Rohin Shah 9 Jan 2019 2:00 UTC
LW: 2 AF: 1
AF
For example currently I find it really confusing to think about corrigible agents relative to goal-directed agents.
Strong agree, and I do think it’s the biggest downside of trying to build non-goal-directed agents.
The goal could come from idealized humans, or from a metaphilosophical algorithm, or be an explicit set of values that we manually specify.
For the case of idealized humans, couldn’t real humans defer to idealized humans if they thought that was better?
Similarly, it seems like a non-goal-directed agent could be instructed to use the metaphilosophical algorithm. I guess I could imagine a metaphilosophical algorithm such that following it requires you to be goal-directed, but it doesn’t seem very likely to me.
For an explicit set of values, those values come from humans, so wouldn’t they be subject to human safety problems? It seems like you would need to claim that humans are better at stating their values than acting in accordance with them, which seems true in some settings and false in others.
- Wei Dai 9 Jan 2019 5:09 UTC
  LW: 4 AF: 2
  AF Parent
  
  For the case of idealized humans, couldn’t real humans defer to idealized humans if they thought that was better?
  
  Real humans could be corrupted or suffer some other kind of safety failure before the choice to defer to idealized humans becomes a feasible option. I don’t see how to recover from this, except by making an AI with a terminal goal of deferring to idealized humans (as soon as it becomes powerful enough to compute what idealized humans would want).
  
  Similarly, it seems like a non-goal-directed agent could be instructed to use the metaphilosophical algorithm. I guess I could imagine a metaphilosophical algorithm such that following it requires you to be goal-directed, but it doesn’t seem very likely to me.
  
  That’s a good point. Solving metaphilosophy does seem to have the potential to help both approaches about equally.
  
  For an explicit set of values, those values come from humans, so wouldn’t they be subject to human safety problems? It seems like you would need to claim that humans are better at stating their values than acting in accordance with them, which seems true in some settings and false in others.
  
  Well I’m not arguing that goal-directed approaches are more promising than non-goal-directed approaches, just that they seem roughly equally (un)promising in aggregate.
  - Rohin Shah 9 Jan 2019 10:19 UTC
    LW: 2 AF: 1
    AF Parent
    Well I’m not arguing that goal-directed approaches are more promising than non-goal-directed approaches, just that they seem roughly equally (un)promising in aggregate.
    Your first comment was about advantages of goal-directed agents over non-goal-directed ones. Your next comment talked about explicit value specification as a solution to human safety problems; it sounded like you were arguing that this was an example of an advantage of goal-directed agents over non-goal-directed ones. If you don’t think it’s an advantage, then I don’t think we disagree here.
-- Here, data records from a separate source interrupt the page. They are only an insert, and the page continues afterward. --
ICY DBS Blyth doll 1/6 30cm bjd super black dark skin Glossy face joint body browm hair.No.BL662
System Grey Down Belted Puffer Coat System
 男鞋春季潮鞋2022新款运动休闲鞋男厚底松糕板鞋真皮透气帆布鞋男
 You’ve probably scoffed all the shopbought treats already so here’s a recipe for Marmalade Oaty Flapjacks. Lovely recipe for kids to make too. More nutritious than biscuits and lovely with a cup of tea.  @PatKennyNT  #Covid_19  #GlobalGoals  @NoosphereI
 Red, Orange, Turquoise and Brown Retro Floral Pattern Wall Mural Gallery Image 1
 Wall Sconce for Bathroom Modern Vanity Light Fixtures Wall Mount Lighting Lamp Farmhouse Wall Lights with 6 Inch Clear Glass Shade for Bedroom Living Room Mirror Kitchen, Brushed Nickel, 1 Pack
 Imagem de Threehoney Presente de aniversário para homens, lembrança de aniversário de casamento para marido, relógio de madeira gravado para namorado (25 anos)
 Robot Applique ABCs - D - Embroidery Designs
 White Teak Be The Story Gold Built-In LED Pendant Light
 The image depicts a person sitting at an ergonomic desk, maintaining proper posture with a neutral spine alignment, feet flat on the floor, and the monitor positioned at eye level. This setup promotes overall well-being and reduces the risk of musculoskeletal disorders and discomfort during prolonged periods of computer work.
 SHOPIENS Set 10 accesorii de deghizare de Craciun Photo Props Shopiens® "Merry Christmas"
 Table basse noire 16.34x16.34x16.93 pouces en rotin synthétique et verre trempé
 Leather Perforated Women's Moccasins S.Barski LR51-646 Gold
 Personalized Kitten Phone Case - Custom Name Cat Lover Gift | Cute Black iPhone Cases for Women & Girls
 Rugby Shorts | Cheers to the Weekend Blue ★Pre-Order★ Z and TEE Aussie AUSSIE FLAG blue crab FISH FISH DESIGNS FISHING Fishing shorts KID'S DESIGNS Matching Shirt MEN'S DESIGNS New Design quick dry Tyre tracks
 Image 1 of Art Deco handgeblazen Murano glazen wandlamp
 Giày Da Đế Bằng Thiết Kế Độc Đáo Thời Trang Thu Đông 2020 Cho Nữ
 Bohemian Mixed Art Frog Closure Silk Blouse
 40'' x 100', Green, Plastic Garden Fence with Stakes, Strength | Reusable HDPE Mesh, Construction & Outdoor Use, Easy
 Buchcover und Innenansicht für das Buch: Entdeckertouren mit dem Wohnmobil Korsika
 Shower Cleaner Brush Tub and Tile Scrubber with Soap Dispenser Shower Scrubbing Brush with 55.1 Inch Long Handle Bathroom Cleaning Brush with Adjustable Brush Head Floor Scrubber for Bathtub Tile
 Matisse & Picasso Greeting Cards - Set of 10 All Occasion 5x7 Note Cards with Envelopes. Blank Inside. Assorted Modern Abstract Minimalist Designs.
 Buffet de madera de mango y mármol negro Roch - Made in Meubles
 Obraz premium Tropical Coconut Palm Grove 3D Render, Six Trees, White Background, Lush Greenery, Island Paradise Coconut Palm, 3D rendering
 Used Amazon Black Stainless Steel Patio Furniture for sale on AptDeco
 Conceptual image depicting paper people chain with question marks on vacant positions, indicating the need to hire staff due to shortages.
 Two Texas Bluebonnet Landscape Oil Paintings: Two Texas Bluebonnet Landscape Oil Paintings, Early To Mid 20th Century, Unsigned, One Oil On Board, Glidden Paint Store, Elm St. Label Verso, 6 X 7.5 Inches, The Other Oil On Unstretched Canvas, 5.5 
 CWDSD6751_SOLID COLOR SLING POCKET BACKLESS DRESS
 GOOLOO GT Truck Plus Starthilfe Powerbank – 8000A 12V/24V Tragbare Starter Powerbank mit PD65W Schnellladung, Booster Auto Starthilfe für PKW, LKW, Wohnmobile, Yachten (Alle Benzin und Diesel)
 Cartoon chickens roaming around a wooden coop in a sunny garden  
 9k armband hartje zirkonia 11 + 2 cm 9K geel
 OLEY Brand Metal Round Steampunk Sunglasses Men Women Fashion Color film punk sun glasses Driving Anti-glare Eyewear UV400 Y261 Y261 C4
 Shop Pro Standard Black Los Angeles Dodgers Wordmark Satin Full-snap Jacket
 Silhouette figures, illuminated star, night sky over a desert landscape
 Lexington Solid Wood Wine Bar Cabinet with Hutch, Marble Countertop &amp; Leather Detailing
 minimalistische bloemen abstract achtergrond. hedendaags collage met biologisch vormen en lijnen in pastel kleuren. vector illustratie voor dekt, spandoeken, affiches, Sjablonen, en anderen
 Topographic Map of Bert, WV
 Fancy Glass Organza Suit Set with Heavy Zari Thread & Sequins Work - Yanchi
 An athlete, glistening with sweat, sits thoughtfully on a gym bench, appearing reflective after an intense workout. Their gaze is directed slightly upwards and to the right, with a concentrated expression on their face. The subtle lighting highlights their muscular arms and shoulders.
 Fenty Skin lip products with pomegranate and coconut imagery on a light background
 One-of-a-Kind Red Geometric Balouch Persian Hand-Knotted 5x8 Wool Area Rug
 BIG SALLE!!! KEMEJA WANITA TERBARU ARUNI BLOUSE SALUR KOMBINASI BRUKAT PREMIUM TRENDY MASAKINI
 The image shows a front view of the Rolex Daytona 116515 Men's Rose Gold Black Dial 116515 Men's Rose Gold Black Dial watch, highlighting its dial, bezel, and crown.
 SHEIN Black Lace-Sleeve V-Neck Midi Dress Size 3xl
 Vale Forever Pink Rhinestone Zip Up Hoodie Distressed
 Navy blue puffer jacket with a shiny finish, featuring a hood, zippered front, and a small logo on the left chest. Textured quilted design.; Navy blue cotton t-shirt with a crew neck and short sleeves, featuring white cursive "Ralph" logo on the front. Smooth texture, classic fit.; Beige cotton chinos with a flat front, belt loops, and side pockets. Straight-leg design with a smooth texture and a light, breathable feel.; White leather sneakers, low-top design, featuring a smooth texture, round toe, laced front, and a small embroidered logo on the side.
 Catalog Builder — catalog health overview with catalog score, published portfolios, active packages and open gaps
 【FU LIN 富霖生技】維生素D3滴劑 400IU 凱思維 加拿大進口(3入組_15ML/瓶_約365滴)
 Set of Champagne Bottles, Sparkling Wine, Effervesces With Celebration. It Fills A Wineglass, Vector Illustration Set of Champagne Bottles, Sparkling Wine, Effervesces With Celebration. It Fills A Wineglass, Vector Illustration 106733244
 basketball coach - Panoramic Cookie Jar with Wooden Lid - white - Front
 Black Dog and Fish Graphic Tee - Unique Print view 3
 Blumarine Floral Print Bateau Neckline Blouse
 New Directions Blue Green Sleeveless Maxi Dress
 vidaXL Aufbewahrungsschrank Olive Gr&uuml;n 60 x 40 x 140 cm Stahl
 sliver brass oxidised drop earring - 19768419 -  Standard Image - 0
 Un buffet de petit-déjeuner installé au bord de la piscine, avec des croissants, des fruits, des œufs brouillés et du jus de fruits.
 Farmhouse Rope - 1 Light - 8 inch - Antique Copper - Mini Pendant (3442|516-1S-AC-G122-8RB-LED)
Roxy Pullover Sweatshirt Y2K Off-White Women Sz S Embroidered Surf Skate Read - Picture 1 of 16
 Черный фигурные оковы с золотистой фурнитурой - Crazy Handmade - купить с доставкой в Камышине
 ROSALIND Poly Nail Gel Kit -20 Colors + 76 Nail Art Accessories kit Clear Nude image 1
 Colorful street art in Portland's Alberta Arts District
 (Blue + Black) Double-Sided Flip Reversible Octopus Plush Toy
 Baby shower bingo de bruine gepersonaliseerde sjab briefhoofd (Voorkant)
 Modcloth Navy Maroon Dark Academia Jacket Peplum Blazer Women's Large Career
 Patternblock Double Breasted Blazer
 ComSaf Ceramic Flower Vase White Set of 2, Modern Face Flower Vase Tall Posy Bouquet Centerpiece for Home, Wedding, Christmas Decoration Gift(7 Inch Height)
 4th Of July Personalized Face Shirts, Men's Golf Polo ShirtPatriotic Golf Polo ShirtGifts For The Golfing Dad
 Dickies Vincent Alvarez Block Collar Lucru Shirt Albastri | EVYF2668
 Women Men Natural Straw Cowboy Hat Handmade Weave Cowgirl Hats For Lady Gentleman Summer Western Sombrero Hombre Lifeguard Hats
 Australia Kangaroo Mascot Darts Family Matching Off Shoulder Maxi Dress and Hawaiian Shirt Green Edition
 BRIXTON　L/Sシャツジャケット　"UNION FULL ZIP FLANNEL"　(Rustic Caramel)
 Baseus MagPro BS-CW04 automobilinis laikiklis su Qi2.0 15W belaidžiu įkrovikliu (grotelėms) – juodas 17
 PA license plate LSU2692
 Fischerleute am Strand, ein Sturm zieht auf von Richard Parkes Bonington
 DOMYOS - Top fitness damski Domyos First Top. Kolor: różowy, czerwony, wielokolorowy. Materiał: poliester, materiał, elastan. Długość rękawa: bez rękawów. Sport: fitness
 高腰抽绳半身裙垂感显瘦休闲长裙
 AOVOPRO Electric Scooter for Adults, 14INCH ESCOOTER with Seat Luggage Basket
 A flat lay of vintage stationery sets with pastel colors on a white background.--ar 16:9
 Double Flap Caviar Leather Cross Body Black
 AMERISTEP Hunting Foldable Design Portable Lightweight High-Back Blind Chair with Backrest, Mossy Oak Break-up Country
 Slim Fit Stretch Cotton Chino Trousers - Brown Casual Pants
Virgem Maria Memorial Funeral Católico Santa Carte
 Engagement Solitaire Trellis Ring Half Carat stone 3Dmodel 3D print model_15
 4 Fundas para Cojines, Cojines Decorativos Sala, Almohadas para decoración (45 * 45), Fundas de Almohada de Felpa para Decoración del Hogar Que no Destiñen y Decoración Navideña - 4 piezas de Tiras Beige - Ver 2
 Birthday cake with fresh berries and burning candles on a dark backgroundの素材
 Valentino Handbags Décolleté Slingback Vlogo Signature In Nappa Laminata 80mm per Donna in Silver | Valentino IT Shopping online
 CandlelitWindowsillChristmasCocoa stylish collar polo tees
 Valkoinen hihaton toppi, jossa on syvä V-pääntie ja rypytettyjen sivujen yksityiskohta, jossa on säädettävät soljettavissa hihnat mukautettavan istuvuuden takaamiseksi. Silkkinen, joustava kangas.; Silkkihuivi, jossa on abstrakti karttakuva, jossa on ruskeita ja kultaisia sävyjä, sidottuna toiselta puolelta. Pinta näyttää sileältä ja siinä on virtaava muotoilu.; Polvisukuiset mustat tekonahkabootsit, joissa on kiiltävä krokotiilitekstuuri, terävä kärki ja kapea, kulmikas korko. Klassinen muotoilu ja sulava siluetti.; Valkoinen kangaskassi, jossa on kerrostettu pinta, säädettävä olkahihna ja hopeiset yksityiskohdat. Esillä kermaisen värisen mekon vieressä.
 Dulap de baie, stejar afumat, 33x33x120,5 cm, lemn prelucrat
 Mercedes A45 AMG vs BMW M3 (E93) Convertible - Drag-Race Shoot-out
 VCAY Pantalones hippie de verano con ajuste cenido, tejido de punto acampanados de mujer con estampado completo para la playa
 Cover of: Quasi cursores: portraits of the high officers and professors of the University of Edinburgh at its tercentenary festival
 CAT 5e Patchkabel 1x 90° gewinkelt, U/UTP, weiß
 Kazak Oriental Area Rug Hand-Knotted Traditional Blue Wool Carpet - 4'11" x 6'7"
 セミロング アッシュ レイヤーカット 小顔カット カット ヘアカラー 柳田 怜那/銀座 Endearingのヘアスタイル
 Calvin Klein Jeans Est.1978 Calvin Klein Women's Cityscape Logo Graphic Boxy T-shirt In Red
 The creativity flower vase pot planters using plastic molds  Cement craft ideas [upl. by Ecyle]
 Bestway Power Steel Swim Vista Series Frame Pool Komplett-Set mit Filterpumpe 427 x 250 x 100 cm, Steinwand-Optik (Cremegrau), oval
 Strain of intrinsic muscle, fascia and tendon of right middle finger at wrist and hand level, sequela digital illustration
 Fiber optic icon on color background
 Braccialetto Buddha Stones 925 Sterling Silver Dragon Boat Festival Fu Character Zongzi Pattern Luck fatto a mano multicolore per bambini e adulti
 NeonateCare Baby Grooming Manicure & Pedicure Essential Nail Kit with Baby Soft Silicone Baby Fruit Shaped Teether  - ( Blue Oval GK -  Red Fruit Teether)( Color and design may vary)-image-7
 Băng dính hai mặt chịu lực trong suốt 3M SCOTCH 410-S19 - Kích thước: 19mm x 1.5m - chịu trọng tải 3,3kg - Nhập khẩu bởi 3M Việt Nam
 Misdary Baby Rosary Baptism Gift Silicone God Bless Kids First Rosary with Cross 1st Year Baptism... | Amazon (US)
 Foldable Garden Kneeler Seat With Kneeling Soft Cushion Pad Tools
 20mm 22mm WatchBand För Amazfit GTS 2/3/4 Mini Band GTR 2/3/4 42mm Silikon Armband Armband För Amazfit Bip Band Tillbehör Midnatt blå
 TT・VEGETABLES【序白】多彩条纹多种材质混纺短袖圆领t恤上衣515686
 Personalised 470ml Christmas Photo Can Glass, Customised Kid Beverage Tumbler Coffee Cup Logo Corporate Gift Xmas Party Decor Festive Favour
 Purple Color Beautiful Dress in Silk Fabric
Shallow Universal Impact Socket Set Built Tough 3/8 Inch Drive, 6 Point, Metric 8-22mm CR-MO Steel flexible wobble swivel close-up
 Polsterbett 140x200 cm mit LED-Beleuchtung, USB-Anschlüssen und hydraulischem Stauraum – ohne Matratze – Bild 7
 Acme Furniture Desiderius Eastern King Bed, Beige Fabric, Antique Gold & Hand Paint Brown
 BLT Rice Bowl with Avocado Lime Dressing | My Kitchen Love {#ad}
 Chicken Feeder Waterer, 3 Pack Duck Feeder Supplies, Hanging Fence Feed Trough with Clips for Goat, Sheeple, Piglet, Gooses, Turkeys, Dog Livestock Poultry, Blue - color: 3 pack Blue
    Real humans could be corrupted or suffer some other kind of safety failure before the choice to defer to idealized humans becomes a feasible option. I don’t see how to recover from this, except by making an AI with a terminal goal of deferring to idealized humans (as soon as it becomes powerful enough to compute what idealized humans would want).
    That makes sense, I agree that goal-directed AI pointed at idealized humans could solve human safety problems, and it’s not clear whether non-goal-directed AI could do something similar.